Below are records to write out exactly; drop the pictures when you do.

Supplied material:
--- --- ---

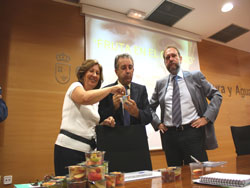 La Consejera de Sanidad, María Angeles Palacios junto con el Consejero de Agricultura, Antonio cerdá y el de ...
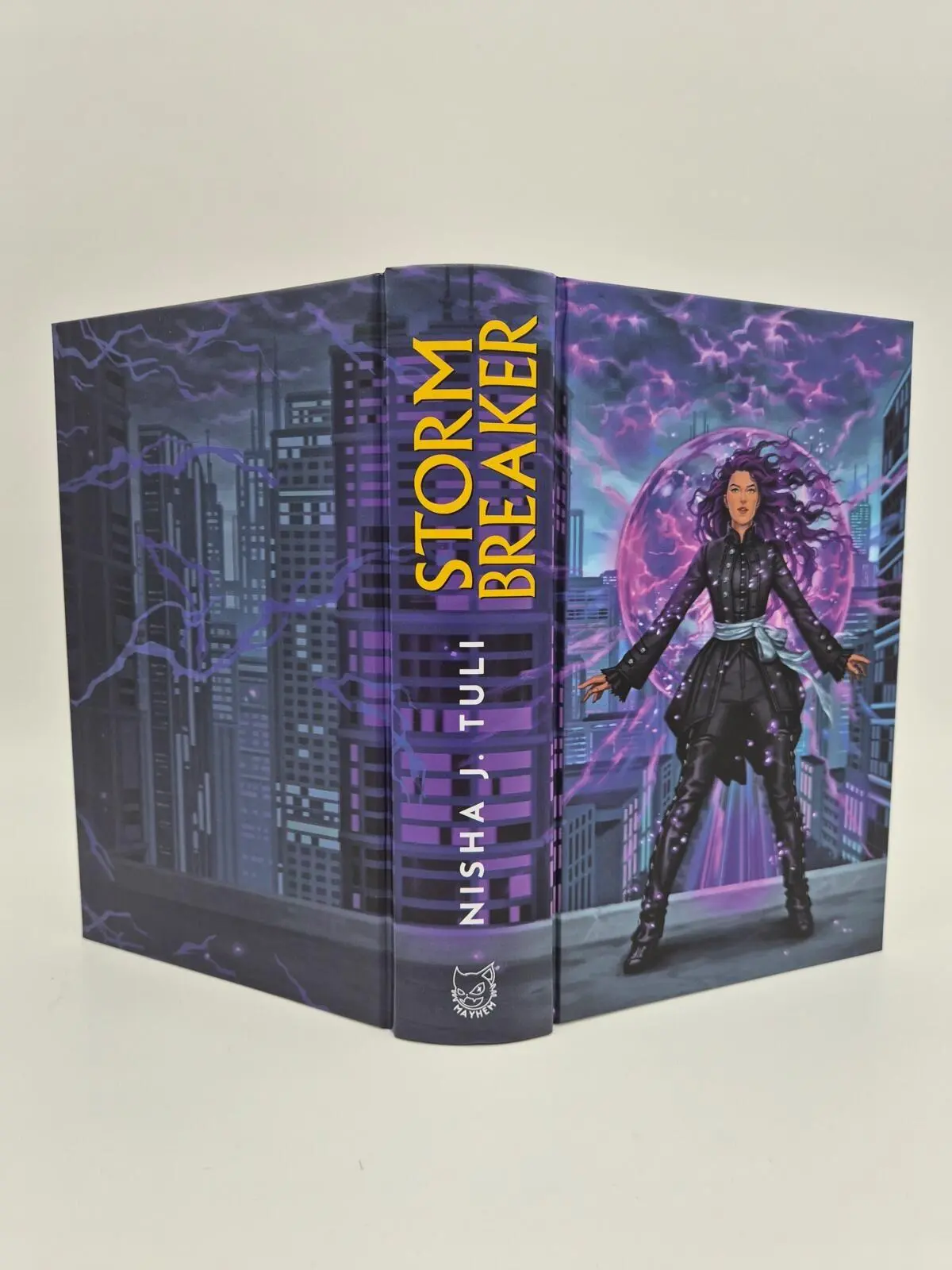 Bild: 9783912332056 | Storm Breaker (Deluxe-Ausgabe) | Nisha J. Tuli | Buch | 560 S. | 2026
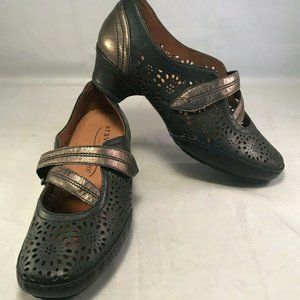 ARAVON by New Balance Flexmoc Black Mary Jane Pump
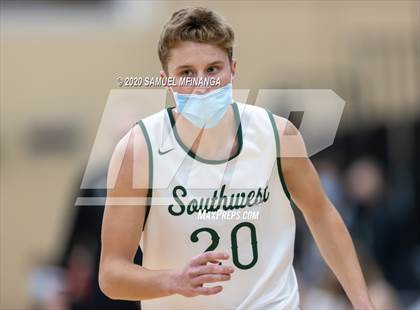 Thumbnail 2 in Creighton Prep @ Lincoln Southwest photogallery.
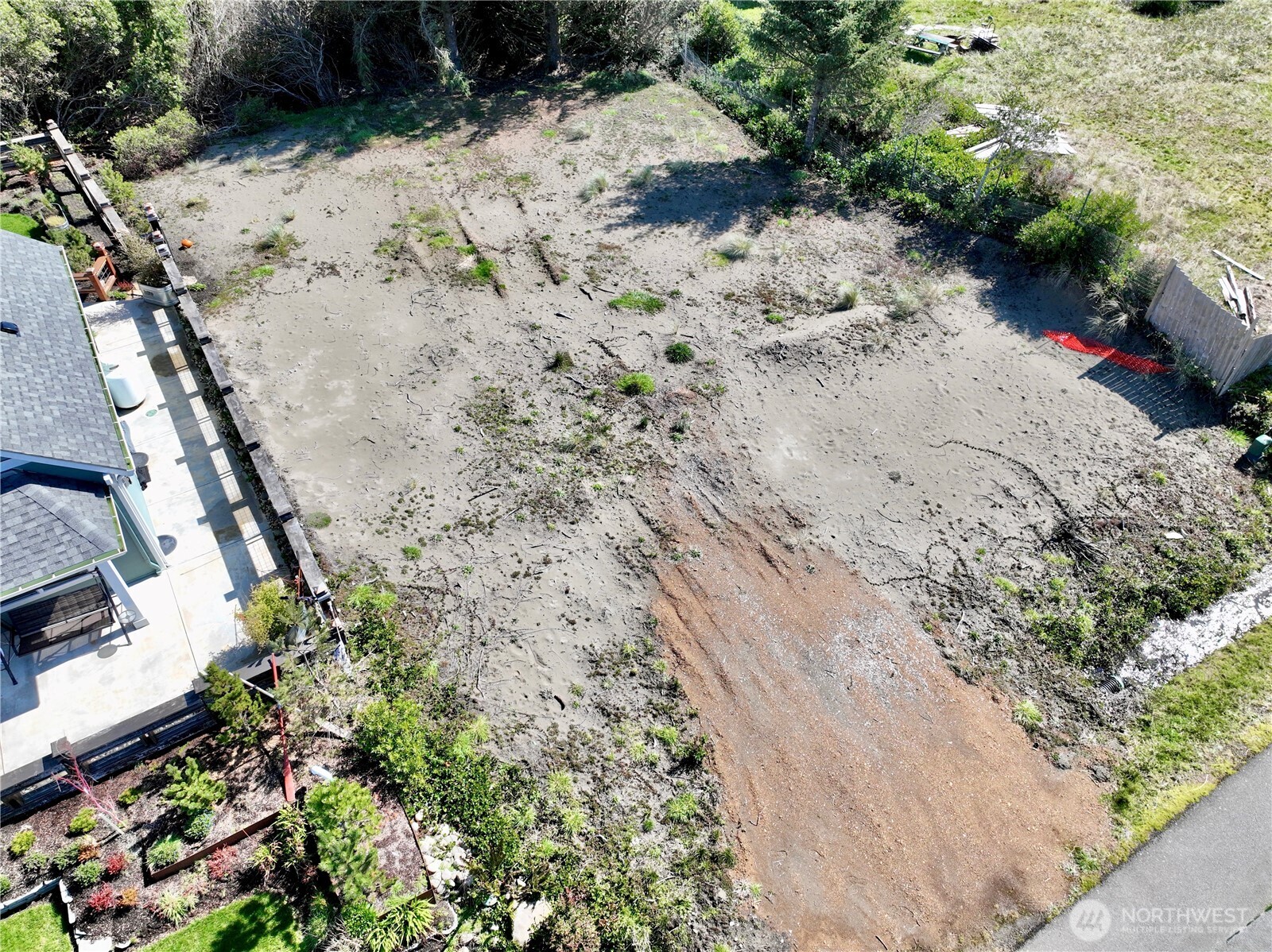 578 Sand Dune Avenue SW, Ocean Shores, WA 98569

--- --- ---

Answer to this task:
 La Consejera de Sanidad, María Angeles Palacios junto con el Consejero de Agricultura, Antonio cerdá y el de ...
 Bild: 9783912332056 | Storm Breaker (Deluxe-Ausgabe) | Nisha J. Tuli | Buch | 560 S. | 2026
 ARAVON by New Balance Flexmoc Black Mary Jane Pump
 Thumbnail 2 in Creighton Prep @ Lincoln Southwest photogallery.
 578 Sand Dune Avenue SW, Ocean Shores, WA 98569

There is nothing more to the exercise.